Yes, money is important. But workmen also see the dramatic advancement of IT and it's an application. They do understand the need for change. They do understand that when Management takes several initiatives to increase productivity, they better fall in line and extend their voluntary co-operation. It is just basic common sense that when we give respect, we get that in return. Theory Y rests on this principle, basically. Period.

The modern workplace has enough scope for Theory Y

Yes, it does. One might bring in robots. But even such machines are bound to have problems. The man on the shop floor, the workmen need training too. They happily respond when trained well. For instance, even casual labor with just the school final pass qualification, are so excited about data inputs related to production, on the SAP platform. The skill-sets may not be sophisticated. But attitudes are.

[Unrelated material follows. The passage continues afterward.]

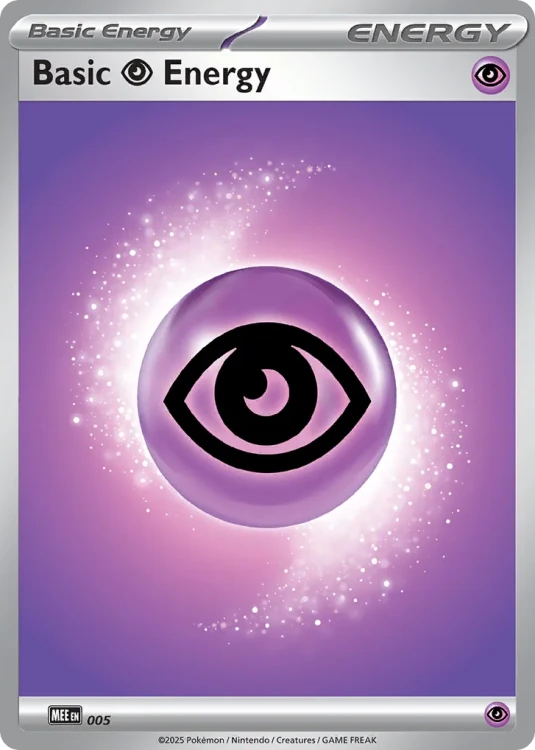 MEE-005-PPNH.png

These attitudes get formed and set, when they are involved, consulted and respected. These are three pillars of Theory Y. It must be noted that only when there are industrial peace and mutual trust and respect between Management and workmen, Theory Y can work. The converse is also true. Only when there is involvement, consultation and respect for workmen, will there be industrial peace.

Involving the families are important too

Even illiterate women can be trained to do technical work. If they are sort of made partners in progress, the business enterprise also benefits a great deal.

Proof of the pudding is in the eating. The very same organization that Selvam works for, has a subsidiary unit where wives are employed in producing small spare parts. They are paid more than minimum wages and PF too. Subsidized food and transport are also provided. The women take an active part in counseling their husbands to work hard. Someone from the promoter family often visits them and Enquirer about their welfare. Such small caring goes a long way in increasing productivity. This is exactly one of the ways of engaging families too. There are other organizations that have now encouraged so many hundreds of self-help groups and have provided appropriate training to ladies. This is a big plus in ensuring industrial peace.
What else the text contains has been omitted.